▸ ASSIGNMENT
Give again, word for word, each line below starting at the one that contains "Beach, FL 33405" and ending at the one that contains "9412 Norfolk Blvd, Jacksonville, FL".

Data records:
+-------+

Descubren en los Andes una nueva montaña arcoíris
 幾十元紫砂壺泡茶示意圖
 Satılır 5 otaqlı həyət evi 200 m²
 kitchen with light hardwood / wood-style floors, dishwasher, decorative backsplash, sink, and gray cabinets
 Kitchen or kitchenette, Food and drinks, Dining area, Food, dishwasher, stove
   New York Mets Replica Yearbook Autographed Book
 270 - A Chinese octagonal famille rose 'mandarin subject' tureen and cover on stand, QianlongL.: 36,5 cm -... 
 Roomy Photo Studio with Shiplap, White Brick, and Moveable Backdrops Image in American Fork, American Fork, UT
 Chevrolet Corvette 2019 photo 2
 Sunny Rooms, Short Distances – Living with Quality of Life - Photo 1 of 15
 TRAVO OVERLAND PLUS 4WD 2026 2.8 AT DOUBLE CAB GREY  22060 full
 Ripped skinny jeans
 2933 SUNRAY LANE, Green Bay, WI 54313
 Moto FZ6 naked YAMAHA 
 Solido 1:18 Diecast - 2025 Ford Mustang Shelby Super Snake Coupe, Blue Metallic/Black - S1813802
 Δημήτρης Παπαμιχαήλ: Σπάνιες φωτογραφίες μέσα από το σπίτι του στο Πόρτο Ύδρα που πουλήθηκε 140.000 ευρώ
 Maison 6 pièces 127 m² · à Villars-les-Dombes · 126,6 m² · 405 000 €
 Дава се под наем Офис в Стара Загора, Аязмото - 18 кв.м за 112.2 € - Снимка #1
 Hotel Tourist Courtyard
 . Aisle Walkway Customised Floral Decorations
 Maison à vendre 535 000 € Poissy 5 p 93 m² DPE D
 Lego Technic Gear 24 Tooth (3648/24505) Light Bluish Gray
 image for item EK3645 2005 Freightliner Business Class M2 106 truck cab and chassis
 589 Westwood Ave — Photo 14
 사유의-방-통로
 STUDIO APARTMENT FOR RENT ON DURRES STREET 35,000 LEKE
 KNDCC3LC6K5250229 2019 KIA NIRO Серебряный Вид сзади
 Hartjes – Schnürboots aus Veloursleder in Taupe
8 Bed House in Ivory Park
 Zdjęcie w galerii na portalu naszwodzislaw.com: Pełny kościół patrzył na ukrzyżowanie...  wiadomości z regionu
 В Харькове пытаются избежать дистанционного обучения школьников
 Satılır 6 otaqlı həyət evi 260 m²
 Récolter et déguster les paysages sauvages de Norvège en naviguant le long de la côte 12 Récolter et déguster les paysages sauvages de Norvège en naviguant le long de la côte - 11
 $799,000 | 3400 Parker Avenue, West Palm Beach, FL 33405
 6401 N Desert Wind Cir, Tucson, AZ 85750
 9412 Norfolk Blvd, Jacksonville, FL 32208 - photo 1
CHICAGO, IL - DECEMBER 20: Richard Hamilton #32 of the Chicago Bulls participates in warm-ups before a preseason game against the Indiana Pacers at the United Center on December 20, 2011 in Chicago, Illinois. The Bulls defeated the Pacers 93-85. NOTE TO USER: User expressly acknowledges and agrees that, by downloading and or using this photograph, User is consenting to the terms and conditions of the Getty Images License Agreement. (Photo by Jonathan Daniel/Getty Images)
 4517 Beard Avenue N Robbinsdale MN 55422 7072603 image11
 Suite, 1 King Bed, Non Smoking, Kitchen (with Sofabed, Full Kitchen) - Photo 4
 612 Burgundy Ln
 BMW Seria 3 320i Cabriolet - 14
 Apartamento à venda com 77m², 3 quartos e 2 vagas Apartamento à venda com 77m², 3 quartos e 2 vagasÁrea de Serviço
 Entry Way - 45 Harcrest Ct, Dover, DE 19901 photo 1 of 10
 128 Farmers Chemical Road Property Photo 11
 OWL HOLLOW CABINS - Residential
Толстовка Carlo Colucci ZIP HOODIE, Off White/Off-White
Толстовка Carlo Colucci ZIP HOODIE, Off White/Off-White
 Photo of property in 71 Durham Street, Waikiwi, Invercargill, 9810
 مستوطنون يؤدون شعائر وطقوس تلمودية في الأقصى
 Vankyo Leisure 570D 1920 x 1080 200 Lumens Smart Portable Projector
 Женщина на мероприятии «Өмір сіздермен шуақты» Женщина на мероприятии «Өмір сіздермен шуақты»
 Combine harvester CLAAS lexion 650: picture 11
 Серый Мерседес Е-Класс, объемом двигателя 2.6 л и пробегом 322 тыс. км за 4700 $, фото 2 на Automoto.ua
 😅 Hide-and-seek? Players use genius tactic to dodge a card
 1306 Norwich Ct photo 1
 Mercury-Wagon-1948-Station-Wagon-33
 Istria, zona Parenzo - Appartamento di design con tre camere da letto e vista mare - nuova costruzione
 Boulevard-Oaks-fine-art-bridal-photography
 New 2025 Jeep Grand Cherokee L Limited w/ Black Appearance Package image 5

+-------+

▸ TASK RESULT
 $799,000 | 3400 Parker Avenue, West Palm Beach, FL 33405
 6401 N Desert Wind Cir, Tucson, AZ 85750
 9412 Norfolk Blvd, Jacksonville, FL 32208 - photo 1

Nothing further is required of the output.